The balancing act is even tougher in Pennsylvania, home to one of Biden’s narrowest November victories. Republican strategists involved in the Keystone State are prepared for the possibility of a large field, with a number of House Republicans considering a run for either Toomey’s seat or the gubernatorial race if congressional redistricting does not work out in their favor.
In addition to interested parties on Capitol Hill, there are also several other potential candidates: Carla Sands, Trump’s former ambassador to Denmark; Kenneth Braithwaite, a former Trump Navy secretary; and Jeff Bartos, a Trump-friendly suburban Republican who has publicly acknowledged his interest in the seat. Several strategists also floated former Rep.
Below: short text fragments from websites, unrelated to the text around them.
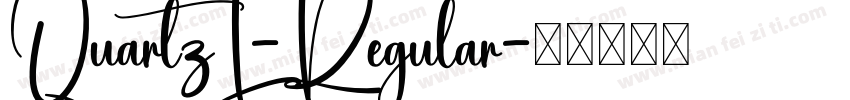 QuartzL-Regular字体转换
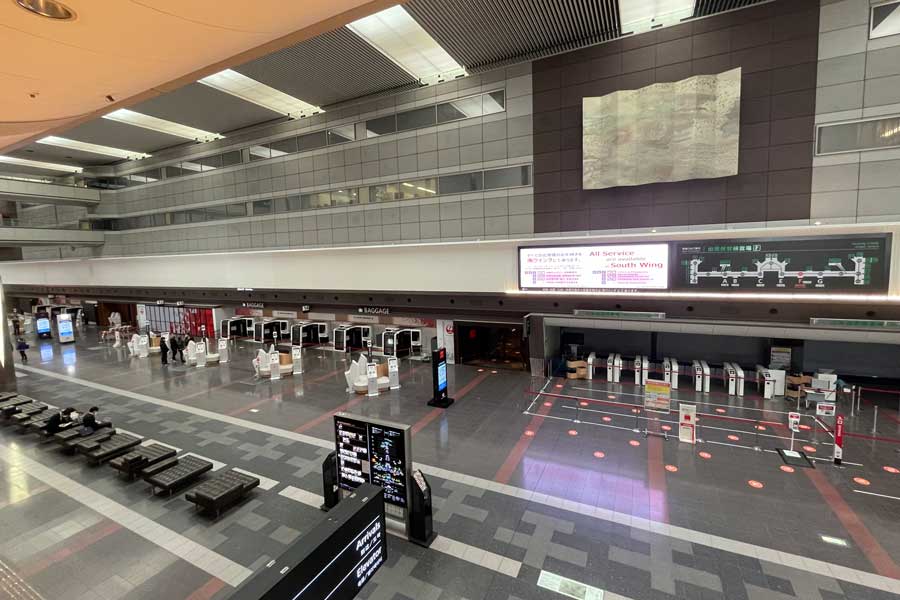 羽田空港第1ターミナル・北ウイング閉鎖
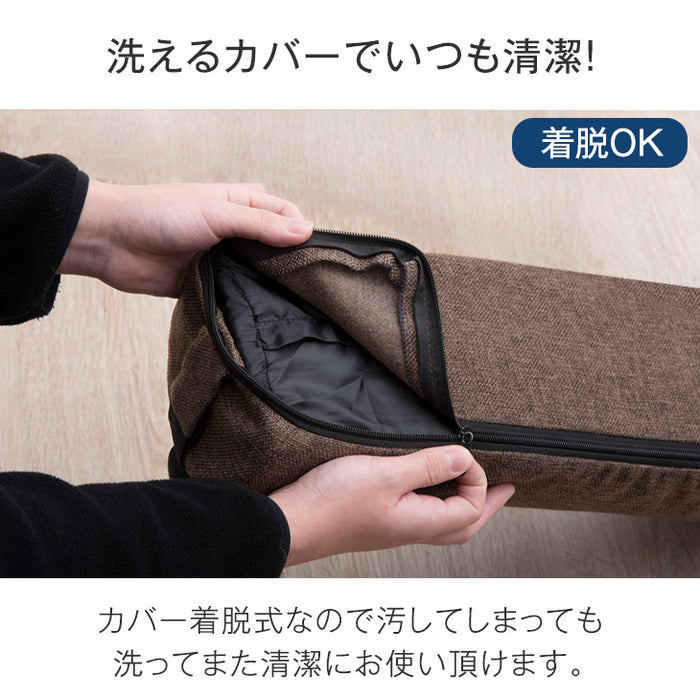 座椅子専用ランバーサポート  クッション 洗えるカバー付き 高さ調節 高反発〔15210151〕
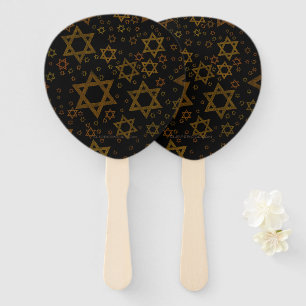 Abanico SlipperyJoe's Hanukkah Star David artístico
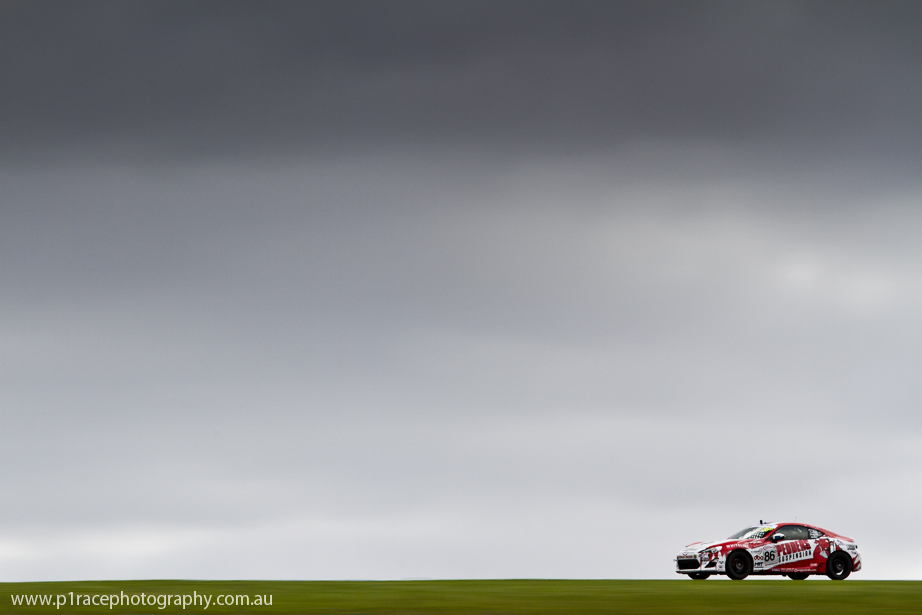 Shannons Nationals 2015 - Round 2 - Phillip Island - Pedders ZN6 Toyota 86 - Turn 9 exit - Front three-quarter pan 1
Ryan Costello, who emerged as a Trump critic after he left Congress, as a potential GOP candidate.
“It’s going to take someone who is personally dynamic who can communicate well with a broad coalition under a GOP banner,” said Charlie Gerow, a Pennsylvania Republican strategist and vice chairman of the American Conservative Union, alluding to the Trump loyalists who showed up for the president and the suburban voters outside Philadelphia who shunned him. “You’re going to have to have both of those constituencies put together, and that's going to be the challenge for any Republican candidate.”
When it comes to the competitive Senate races, a prevailing view among state-level Republican strategists is that the Biden presidency itself could be a key part of uniting the disparate coalition to defeat Democratic Senate candidates – potentially glossing over some of the internal heartburn over individual Republicans’ fealty to Trump with a focus on potentially unpopular actions from Washington.
“There are going to be some real problems that have to be solved, and the Democrats may be helping,” said Shumaker.
Correction: A previous version of this story misspelled Cawthorn's surname.